Group G1 on the far left consists of a lot of Azerbaijanis who don’t live in Azerbaijan anymore. A lot of the URLs that they were tweeting can be considered ones that allow for them to “keep up” with what happened during the protest.

Group G2 are people that, more or less, were on the ground and centers around Adnan Hajizada. Their URLs tweeted were more of photos than liveblogs or videos. They also were more likely to talk about logistics – where police were, as well as break news.

Group G3 includes people that I’m not really familiar with. They linked to a lot of YouTube videos though and used words that are affiliated with the pro-government groups.

Group G4 is very much pro-government people. Their hashtags used were against the protest, more or less. Rauf Mardiyev, the leader of the pro-government youth group is the center of that.

Group G5 is more opposition but seems to center around Baxtiyar Hajiyev, another opposition leader. I’m not really sure why Baxtiyar’s group is so distance from Adnan’s. Perhaps Adnan (and Emin Milli) have a different Twitter following because of their relatively early fame and frequency of tweeting in English. Looking at Baxtiyar’s twitter confirms that he mostly tweets in Azerbaijani.

Groups G6 and G7 seems to be unimportant.

You can download an Excel spreadsheet of all of this and play around with things like word frequency — no statistical knowledge required.

I also did a TweetReach analysis of #protestbaku. You can do the last 50 tweets for free. I bought a set of 1500 tweets though. Here’s what that found.

– There were 188,045 Twitter users who were exposed to a tweet that contained the #protestbaku hashtag.
– There were over a million “impressions” – 1,075,736 to be exact. That means, essentially, someone’s eyes potentially read #protestbaku over a million times in the last day.

The twitter who got the most exposure was Jamal Ali with 50,300 impressions. The most retweeted and most mentioned was @muntezir.

With that I have a list of tweets, most popular, etc. if anyone is interested.

So what? What does this mean?

A few things…

1. In this protest, Twitter “mattered” – but it mattered in different ways for different people. For people on the ground, it was used a bit for logistics, but mostly for getting information out. For people not present, it was a way to spread information.

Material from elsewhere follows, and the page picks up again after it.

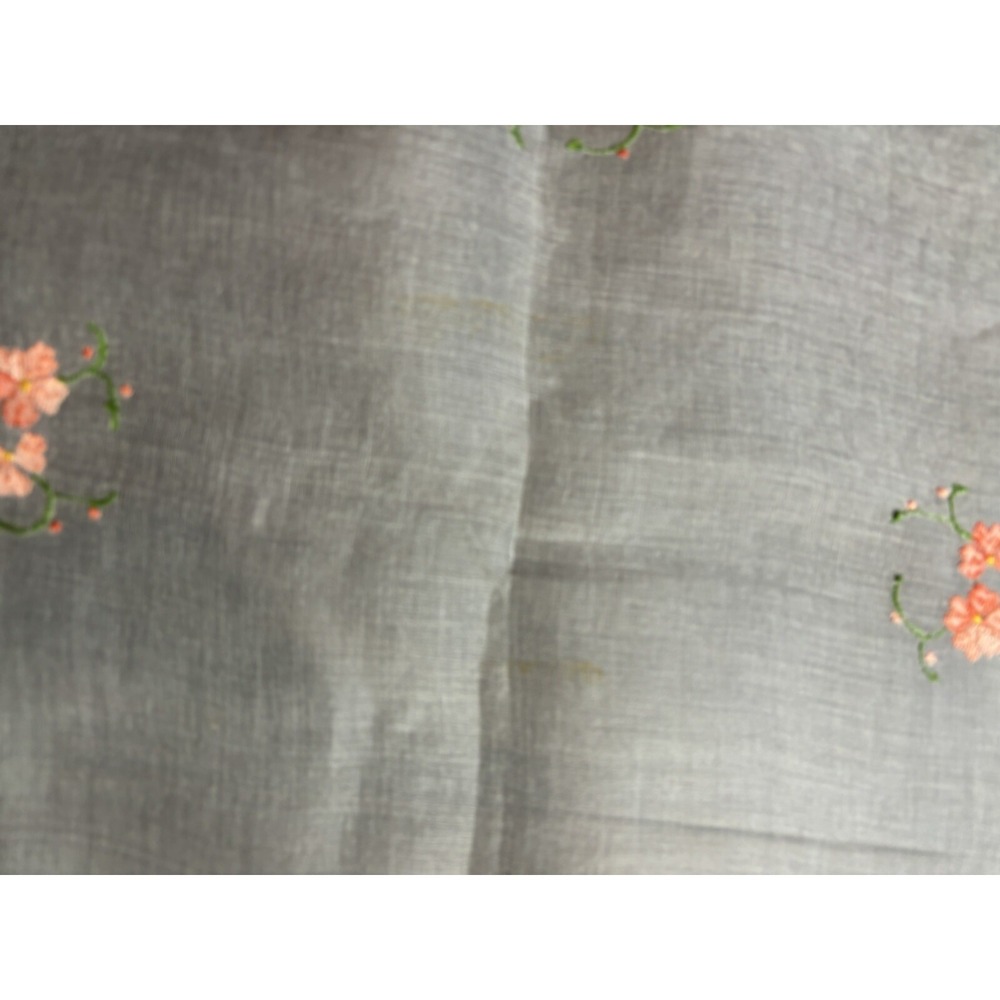 Embroidered Cherry Blossom Sheer Tablecloth Dresser Scarf Tree Handmade Vintage - Picture 6 of 8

2. There is polarization. This isn’t surprising. I guess the amount of guff from the pro-government twitter crowd was a little new for me. They’ve gotten louder in the past year, but their simultaneous tweeting during the protest and use of the hashtag was interesting, to say the least.

3. Personally I “met” a lot of new Azerbaijani tweeters today through this hashtag. Were these people whom I just don’t run into otherwise? Were they people that don’t tweet usually but did for this event? It goes to show that a hashtag has the potential to bring people together.

4. Speaking to the clusters of groups, I wonder if someone who would be interested in pulling people together for greater collection action could focus on those people who are between networks?

I’d love to hear other thoughts on this. I usually keep my comments off to avoid spam, but I’ll turn it on now!